For 22 of the 39 people with a breakthrough infection, the researchers had results of neutralizing antibody tests from the week leading up to their positive COVID-19 test result. To look for patterns in the antibody data, they matched those individuals to 104 uninfected people for whom they also had antibody test results. These data showed that those with a breakthrough infection had consistently lower levels of neutralizing antibodies circulating in their bloodstream to SARS-CoV-2, the coronavirus that causes COVID-19. In general, higher levels of neutralizing antibodies are associated with greater protection and lower infectivity—though other aspects of the immune system (memory B cells and cell-mediated immunity) also contribute.
Importantly, in all cases for which there were relevant data, the source of the breakthrough infection was thought to be an unvaccinated person. In fact, more than half of those who developed a breakthrough infection appeared to have become infected from an unvaccinated member of their own household.
Other cases were suspected to arise from exposure to an unvaccinated coworker or patient. Contact tracing found no evidence that any of the 39 health care workers with a breakthrough infection passed it on to anyone else.
The findings add to evidence that full vaccination and associated immunity offer good protection against SARS-CoV-2 infection and severe illness. Understanding how SARS-CoV-2 immunity changes over time is key for charting the course of this pandemic and making important decisions about COVID-19 vaccine boosters.
Many questions remain. For instance, it’s not clear from the study whether lower neutralizing antibodies in those with breakthrough cases reflect waning immunity or, for reasons we don’t yet understand, those individuals may have had a more limited immune response to the vaccine. Also, this study was conducted before the Delta variant became dominant in Israel (and now in the whole world).

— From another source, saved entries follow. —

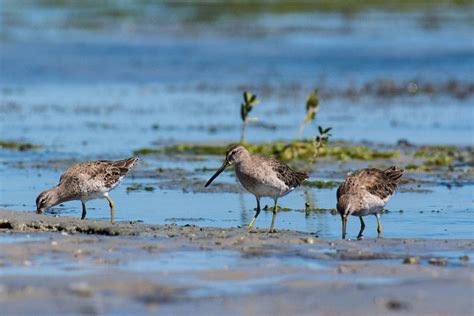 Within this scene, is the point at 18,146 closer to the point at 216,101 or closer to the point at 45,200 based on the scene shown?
the point at 45,200

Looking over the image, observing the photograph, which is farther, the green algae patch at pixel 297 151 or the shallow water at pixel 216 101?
the green algae patch at pixel 297 151

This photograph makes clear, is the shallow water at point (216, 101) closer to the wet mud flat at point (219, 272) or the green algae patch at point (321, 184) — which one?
the green algae patch at point (321, 184)

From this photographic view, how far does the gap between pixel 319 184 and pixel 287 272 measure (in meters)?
6.91

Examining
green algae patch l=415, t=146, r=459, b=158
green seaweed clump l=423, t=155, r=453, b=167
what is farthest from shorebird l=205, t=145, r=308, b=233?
green algae patch l=415, t=146, r=459, b=158

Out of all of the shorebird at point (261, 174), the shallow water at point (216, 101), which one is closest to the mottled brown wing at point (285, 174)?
the shorebird at point (261, 174)

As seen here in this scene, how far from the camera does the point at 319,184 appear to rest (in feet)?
55.9

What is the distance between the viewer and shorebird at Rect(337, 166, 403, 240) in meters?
13.1

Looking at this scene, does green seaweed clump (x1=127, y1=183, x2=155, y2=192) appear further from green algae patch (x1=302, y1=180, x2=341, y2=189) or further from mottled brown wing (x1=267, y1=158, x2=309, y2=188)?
mottled brown wing (x1=267, y1=158, x2=309, y2=188)

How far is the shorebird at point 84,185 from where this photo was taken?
14.4 meters

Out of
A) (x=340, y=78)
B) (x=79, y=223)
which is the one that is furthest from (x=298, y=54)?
(x=79, y=223)

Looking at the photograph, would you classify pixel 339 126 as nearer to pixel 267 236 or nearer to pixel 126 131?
pixel 126 131

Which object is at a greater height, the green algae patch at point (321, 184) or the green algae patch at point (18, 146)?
the green algae patch at point (18, 146)

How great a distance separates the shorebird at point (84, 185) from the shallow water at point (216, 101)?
434 millimetres

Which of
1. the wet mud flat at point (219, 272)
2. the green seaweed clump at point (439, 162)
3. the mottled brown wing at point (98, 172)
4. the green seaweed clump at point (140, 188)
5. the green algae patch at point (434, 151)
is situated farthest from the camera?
the green algae patch at point (434, 151) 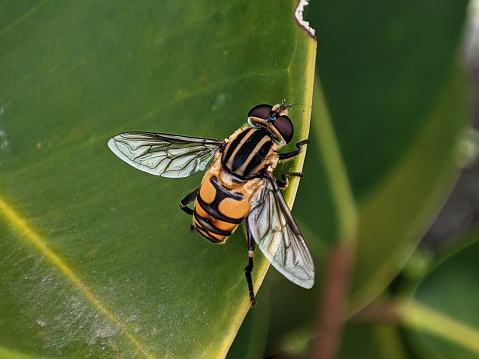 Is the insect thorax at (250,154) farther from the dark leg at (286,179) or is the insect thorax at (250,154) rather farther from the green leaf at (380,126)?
the green leaf at (380,126)

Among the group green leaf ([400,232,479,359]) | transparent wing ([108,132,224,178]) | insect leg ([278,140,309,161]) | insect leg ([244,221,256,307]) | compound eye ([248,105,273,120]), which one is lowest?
green leaf ([400,232,479,359])

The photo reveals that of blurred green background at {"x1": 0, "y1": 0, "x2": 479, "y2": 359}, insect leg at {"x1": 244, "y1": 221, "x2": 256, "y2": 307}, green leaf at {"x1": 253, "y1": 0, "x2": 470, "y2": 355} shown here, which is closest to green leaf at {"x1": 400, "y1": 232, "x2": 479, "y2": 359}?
green leaf at {"x1": 253, "y1": 0, "x2": 470, "y2": 355}

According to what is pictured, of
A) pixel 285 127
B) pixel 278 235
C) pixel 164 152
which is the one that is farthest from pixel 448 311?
Result: pixel 164 152

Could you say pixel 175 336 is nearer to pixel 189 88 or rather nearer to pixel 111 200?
pixel 111 200

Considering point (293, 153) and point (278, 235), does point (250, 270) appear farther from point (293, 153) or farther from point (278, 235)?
point (293, 153)

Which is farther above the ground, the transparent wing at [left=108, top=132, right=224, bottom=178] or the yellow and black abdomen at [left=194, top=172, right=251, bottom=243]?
the transparent wing at [left=108, top=132, right=224, bottom=178]

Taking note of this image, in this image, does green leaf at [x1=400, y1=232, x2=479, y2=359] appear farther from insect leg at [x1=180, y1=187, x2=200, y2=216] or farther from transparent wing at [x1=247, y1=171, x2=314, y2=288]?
insect leg at [x1=180, y1=187, x2=200, y2=216] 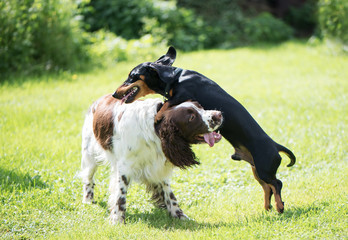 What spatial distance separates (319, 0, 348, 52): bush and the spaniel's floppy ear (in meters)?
9.35

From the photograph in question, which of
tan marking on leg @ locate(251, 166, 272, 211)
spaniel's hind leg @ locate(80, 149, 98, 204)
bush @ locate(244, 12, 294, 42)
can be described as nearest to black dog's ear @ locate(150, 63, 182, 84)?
tan marking on leg @ locate(251, 166, 272, 211)

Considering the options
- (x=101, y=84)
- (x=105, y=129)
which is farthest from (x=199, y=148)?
(x=101, y=84)

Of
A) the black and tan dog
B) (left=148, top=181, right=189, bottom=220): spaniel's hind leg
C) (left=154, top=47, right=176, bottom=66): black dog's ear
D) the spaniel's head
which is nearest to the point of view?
the spaniel's head

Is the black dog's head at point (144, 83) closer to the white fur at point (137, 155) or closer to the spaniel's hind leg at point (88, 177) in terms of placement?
the white fur at point (137, 155)

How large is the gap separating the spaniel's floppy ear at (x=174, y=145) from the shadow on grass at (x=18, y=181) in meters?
1.87

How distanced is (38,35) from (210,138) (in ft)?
24.4

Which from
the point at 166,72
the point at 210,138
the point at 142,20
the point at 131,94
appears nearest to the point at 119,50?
the point at 142,20

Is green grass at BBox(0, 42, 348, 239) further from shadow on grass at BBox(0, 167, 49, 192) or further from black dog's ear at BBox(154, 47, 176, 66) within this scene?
black dog's ear at BBox(154, 47, 176, 66)

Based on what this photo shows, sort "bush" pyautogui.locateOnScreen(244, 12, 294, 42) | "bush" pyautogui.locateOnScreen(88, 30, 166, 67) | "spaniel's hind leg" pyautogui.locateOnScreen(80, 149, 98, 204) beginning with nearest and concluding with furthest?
"spaniel's hind leg" pyautogui.locateOnScreen(80, 149, 98, 204) → "bush" pyautogui.locateOnScreen(88, 30, 166, 67) → "bush" pyautogui.locateOnScreen(244, 12, 294, 42)

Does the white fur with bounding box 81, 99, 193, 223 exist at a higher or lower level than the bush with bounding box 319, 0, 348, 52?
higher

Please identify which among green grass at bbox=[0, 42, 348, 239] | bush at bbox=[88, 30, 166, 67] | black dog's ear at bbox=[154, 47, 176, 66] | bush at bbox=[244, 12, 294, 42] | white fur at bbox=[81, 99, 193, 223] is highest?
black dog's ear at bbox=[154, 47, 176, 66]

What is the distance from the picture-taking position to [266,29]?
49.1ft

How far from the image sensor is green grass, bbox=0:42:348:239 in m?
4.02

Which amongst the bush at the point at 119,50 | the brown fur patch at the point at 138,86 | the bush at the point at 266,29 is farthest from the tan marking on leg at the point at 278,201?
the bush at the point at 266,29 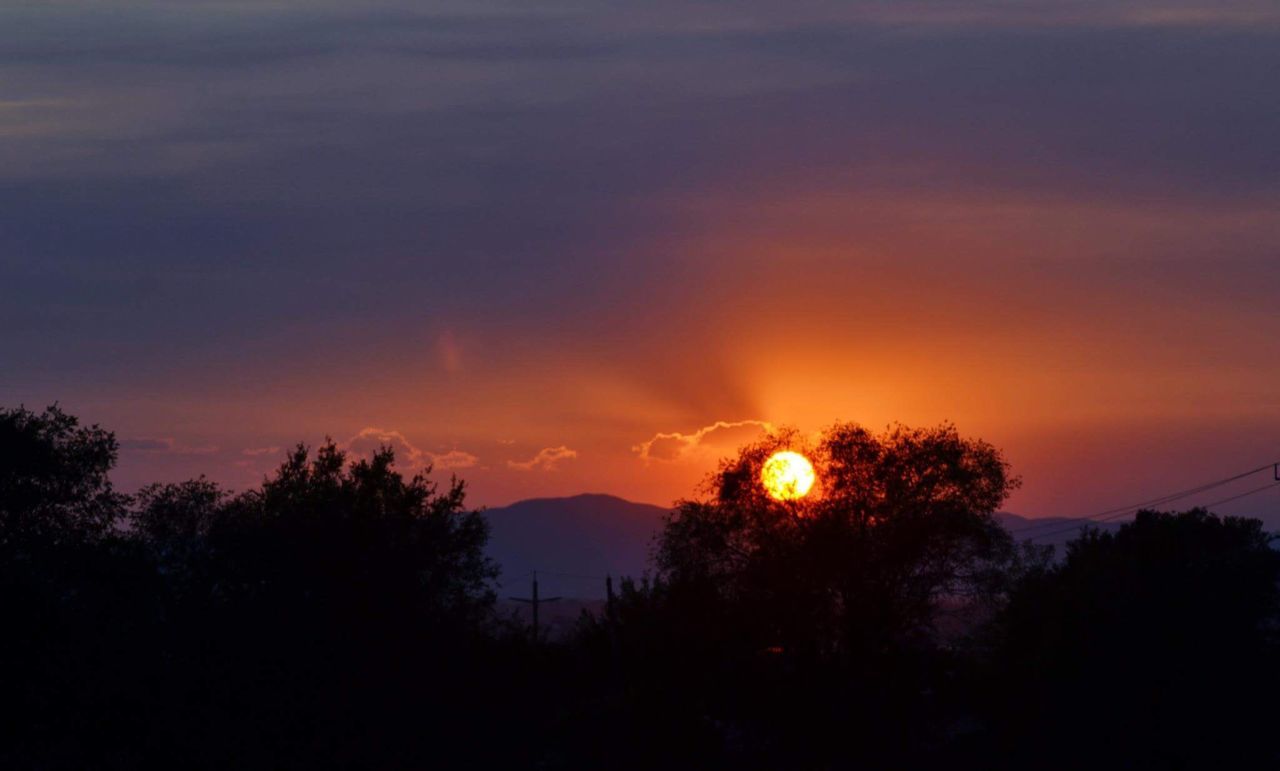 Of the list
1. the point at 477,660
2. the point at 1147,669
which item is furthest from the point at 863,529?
the point at 477,660

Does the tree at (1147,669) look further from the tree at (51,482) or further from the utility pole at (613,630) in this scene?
the tree at (51,482)

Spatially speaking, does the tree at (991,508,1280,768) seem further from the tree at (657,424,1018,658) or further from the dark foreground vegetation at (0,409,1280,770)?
the tree at (657,424,1018,658)

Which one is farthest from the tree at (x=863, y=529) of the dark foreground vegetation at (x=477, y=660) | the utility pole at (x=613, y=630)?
the utility pole at (x=613, y=630)

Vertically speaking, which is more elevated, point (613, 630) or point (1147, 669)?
point (613, 630)

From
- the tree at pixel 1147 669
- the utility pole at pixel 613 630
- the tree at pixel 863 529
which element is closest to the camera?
the utility pole at pixel 613 630

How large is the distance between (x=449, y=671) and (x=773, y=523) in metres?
57.8

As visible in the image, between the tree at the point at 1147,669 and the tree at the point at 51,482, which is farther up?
the tree at the point at 51,482

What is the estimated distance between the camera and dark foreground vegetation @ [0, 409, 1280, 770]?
1742 inches

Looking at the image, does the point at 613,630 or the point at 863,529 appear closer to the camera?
the point at 613,630

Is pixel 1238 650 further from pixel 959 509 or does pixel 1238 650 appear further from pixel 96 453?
pixel 96 453

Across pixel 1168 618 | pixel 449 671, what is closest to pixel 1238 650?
pixel 1168 618

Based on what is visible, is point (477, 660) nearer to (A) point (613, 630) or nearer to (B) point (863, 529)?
(A) point (613, 630)

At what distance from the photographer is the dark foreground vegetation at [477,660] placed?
44.2 meters

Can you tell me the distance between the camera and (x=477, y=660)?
4897 centimetres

Overall, these findings provide more reassurance that these vaccines are extremely effective. Breakthrough infections, while they can and do occur, are a relatively uncommon event. Here in the U.S., the Centers for Disease Control and Prevention (CDC) has recently estimated that infection is six times less likely for vaccinated than unvaccinated persons . That those with immunity tend to have mild or no symptoms if they do develop a breakthrough case, however, is a reminder that these cases could easily be missed, and they could put vulnerable populations at greater risk. It’s yet another reason for all those who can to get themselves vaccinated as soon as possible or consider a booster shot when they become eligible.
 Covid-19 breakthrough infections in vaccinated health care workers. Bergwerk M, Gonen T, Lustig Y, Amit S, Lipsitch M, Cohen C, Mandelboim M, Levin EG, Rubin C, Indenbaum V, Tal I, Zavitan M, Zuckerman N, Bar-Chaim A, Kreiss Y, Regev-Yochay G. N Engl J Med. 2021 Oct 14;385(16):1474-1484.
 Rates of COVID-19 cases and deaths by vaccination status, COVID Data Tracker, Centers for Disease and Prevention. Accessed October 25, 2021.